Among the future actions Transport Scotland says it will undertake regarding freight are:

  • Encourage collaboration between operators, hauliers and businesses for greater forward planning and management of current and future capacity and current and forecast demand.
  • Consider whether the costs of sea freight transport could be shared differently between users, developers, and public funding and, alongside this, how financial support to island businesses could be more effectively targeted.
  • Identify the key “pinch points” on the network and consider options for additional vehicle capacity where this is practical, beneficial and affordable.

It also warns that the annual deficit between the operational costs and income from ferry fares for the Northern Isles and West Coast routes has increased by almost 100 per cent over the last 10 years.

This means that for every £1 paid by users towards covering the annual operating cost, another £2 of public funds are required.

It adds: “With public spending to remain constrained, decision-makers in both national and local government will need to make transparent and objective spending and investment decisions.”

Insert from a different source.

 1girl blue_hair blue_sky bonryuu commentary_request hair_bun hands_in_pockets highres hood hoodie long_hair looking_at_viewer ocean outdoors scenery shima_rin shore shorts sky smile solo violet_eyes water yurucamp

However, Transport Scotland said it proposes to ensure that ferry services which communities depend on are “reliable and resilient so that residents, businesses and visitors can have confidence in these”.

Shetland MSP Beatrice Wishart said: “The draft raises more questions than it answers for the Northern Isles route such as, with five years to wait for freight vessel replacements, how are additional freight capacity needs going to be served meantime?

“And with twelve years to wait for passenger vessel replacement, how does the Scottish Government think that will impact islanders who already struggle to book a cabin and a car during peak seasons like school holidays?

“Twelve summers of pinch points and packed ferries will do little to fulfil the lifeline needs the service is there to provide, let alone encourage the growing tourism sector in the isles.”